Finiti i Bava e due deliziosi vodka orange, arrivano quindi gli ScumFronTheSun, scovati da Giulia nei suoi tour telematici su forum all'apice del disagio umano di-quelli-che-frequenta-lei. Descrizioni random sulla rete parlavano di Doom, psichedelia, ambient, elettronica e pentole battute su coperchi di pentole (il mio modo amichevole di dire industrial), e già ci immaginavamo una riedizione nostrana dei SunnO))). Ma il pastone indistinto di generi a caso ci aveva fatto capire che c'era pane per i nostri denti, e difatti il quartetto non ci ha deluso.
Un simpatico duo di analogici sparpagliati sul suolo del centro sociale si affianca ad una coppia di digitali nell'angolino malefico dei diggei del luogo, generando una formazione chitarra-basso-drum machine/synth che già ci fa capire che c'è qualcosa di non completamente ovvio nell'aria.
Si parte con luci basse, delle videoproiezioni di colori caldi (gaahhaahagahaga videoproiezioni gahagahahaga - io ho un debole per le videoproiezioni, big up per le videoproiezioni!), e una partenza quasi in sordina rispetto al resto, con dei riff stoner nella media accompagnati da una base elettronica che quasi infastidisce me, che sono dichiaratamente old school e non apprezzo i sintetizzatori qualora facciano qualcosa che potrebbe fare anche una batteria con suoni nettamente più interessanti (Giulia ovviamente non è d'accordo - lei e i suoi coperchi di pentole).
Ma ci vuol poco a far venire fuori il potenziale degli aggeggi tutti-tasti, e il sound si trasforma in un'atmosfera cupa ed irrequieta che in poco tempo fa passare in secondo piano la parte analogica a favore dei giochi elettrici della modulazione di frequenze. Bellissimo il divario tra parti prettamente elettroniche e momenti più caldi e chitarrosi, che costituiscono le fasi dei loro lunghissimi brani.

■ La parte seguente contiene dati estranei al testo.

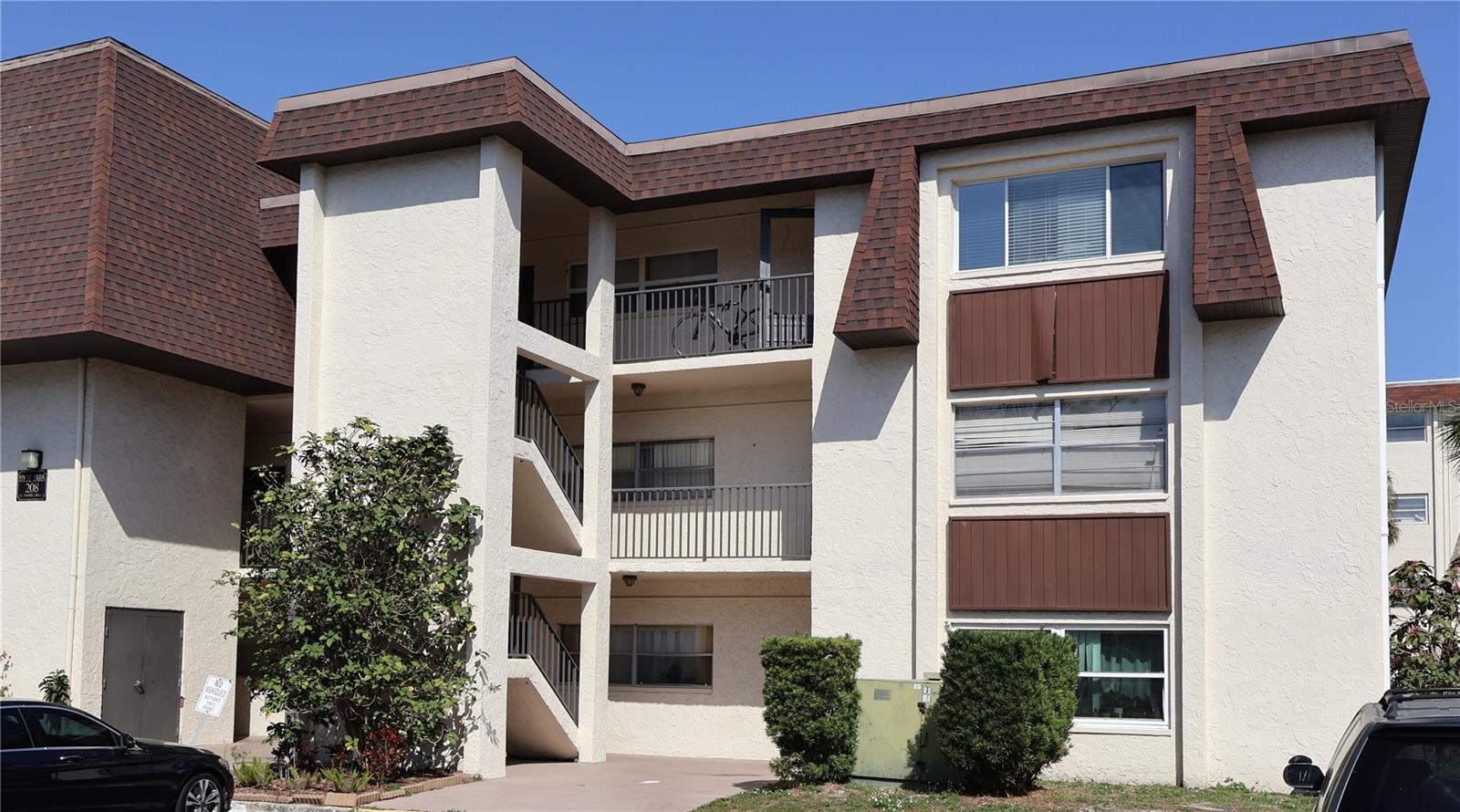 2nd floor updated condo just off of 4th Street in St Pete. The building has steps and an elevator to access the second floor.
* Building has a brand new roof installed in June 2025
* Condo has a new AC unit installed in November of 2024
* All assessments paid in full
* Brand new stainless steel appliances
Upon entering you are in the spacious living room with lots of natural light. There is all new vinyl plank flooring throughout the condo and all freshly painted.
The kitchen is open to the living room with a counter height bar that seats 3 adults. Kitchen has shaker cabinets, granite counter tops and brand new stainless steel refrigerator and glass top range.
Walk down the hall to find both bedrooms. The master bedroom has a walk in closet and a private bath. The second bedroom is equally spacious. The full bath has a walk in shower, pedestal sink and there is a linen closet for the full bathroom.
Both bedrooms have sliding glass doors that lead to an enclosed porch/sunroom. Looking out the windows from the sunroom you can see the community pool right behind the condo. There is also a large storage closet in the sunroom.
There is washer and dryer just a few steps down the breezeway on the 2nd floor. Dedicated parking spot and ample guest parking for a second vehicle.
Conveniently located only 8 minutes north of downtown St Pete. Easy access to Gandy bridge and I-275. Location is close to all the shopping, food and pubs that 4th Street has to offer. Only 20 minutes to gorgeous St Pete beaches.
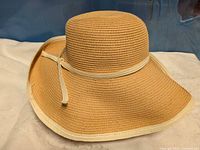 Front view of tan paper straw hat with off-white trim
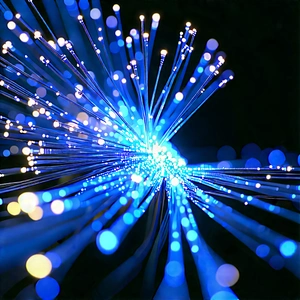 Close-up Of Fiber Optic Cables With Blue Light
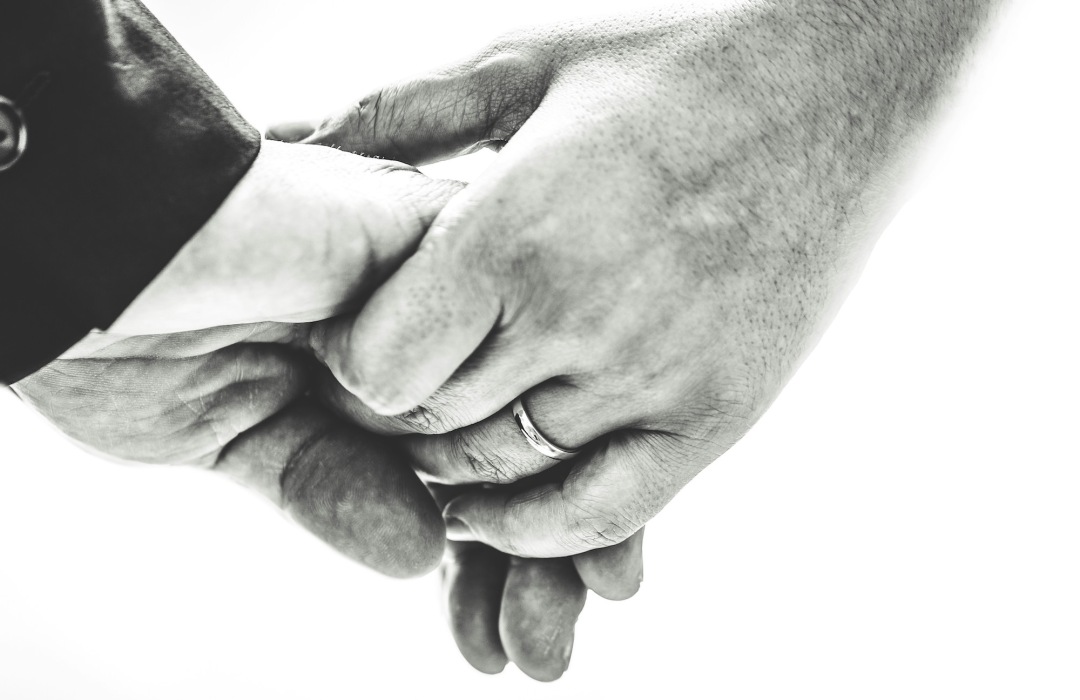 End-of-Life Conversations holding hands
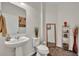 Compact bathroom featuring a pedestal sink, decorative mirror, and stylish fixtures for a functional space at 7895 Pleasant Pine Cir, Winter Park, FL 32792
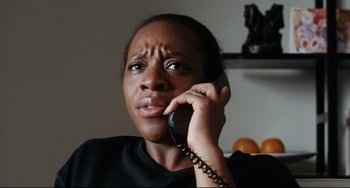 Movie still from “Secrets & Lies” (1996), directed by Mike Leigh – A woman talking on a phone while sitting in a chair; Close Up shot, Low angle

Constatazione: è sconcertante quanto ovvio di come un concerto del genere possa riuscire milioni di volte meglio in un posto di merda del genere rispetto ad un qualsiasi locale live. Sconcertante perchè si pagano biglietti salati per sentire gruppi che basano metà della loro resa sui suoni e poi sono addomesticati da fonici incompetenti e settaggi terrificanti (vedi Magnolia coi Melvins recentemente), ovvio perchè laddove tutto ciò che si ha è una stanzetta senza preamboli con quattro casse e un mixer autogestito la parte atmosferica non può che essere modulata nel migliore dei modi (se chi li produce è buono, chiaramente, ed è il nostro caso). Difatti, quel bel tepore nevrotico doom ambient dato dalle vibrazioni dei synth in crescendo che dovrebbe essere parte integrante di questo tipo di musica c'era ed è stato godibile, cullando dolcemente la vodka nel mio stomaco e mettendo quella voglia di stare ad occhi socchiusi a percepire solo le luci mutevoli delle videoproiezioni (oh, come sono poetyca quando mi ci metto!).

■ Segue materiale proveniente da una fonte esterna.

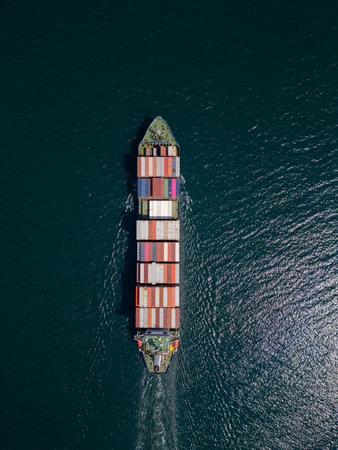 A container ship moves steadily through the ocean, carrying stacked containersの写真素材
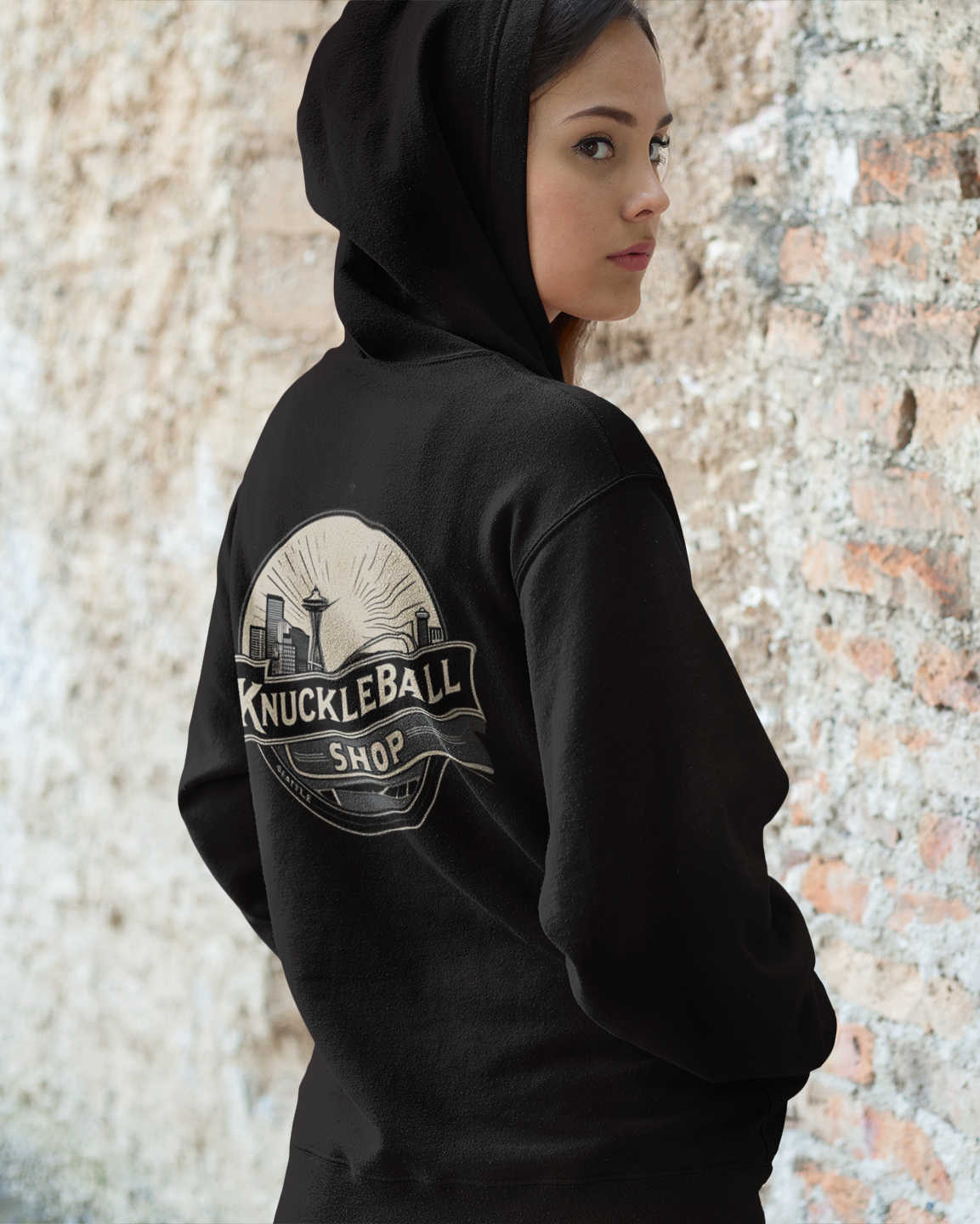 Person wearing a black hoodie with 'Knuckleball Shop' logo against a textured wall.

Di SunnO))) alla fin fine non hanno neanche granchè, essendo molto meno tetri e satanici ed estremamente più rilassanti e melodici, nonostante l'irrequietezza palesemente voluta.

Ergo, invito gli amanti del genere a tener d'occhio questo gruppo e reperire il disco 'La caduta prima del distacco', con un lodevole packaging tutto latta e industrialità che ne arricchisce la bellezza. Saremo sicuramente di nuovo dei loro quando suoneranno nei dintorni, e vi consiglio di fare altrettanto.

Nel frattempo, vi linko il loro sito e chiudo con la fine della nostra serata, ovvero la distruzione di tutta quella bellissima atmosfera segnata dall'andare allo Shelter, dove, come al solito, mi sono ingozzata di salatini per poi addormentarmi a bocca aperta sul divano, che è ormai l'immagine di me più consueta che hanno gli avventori di quel locale di cultori del demonio e di Adolfo (perchè noi siamo politically correct e ci gettiamo dall'anarchia al nazismo esoterico in men che non si dica, ahah).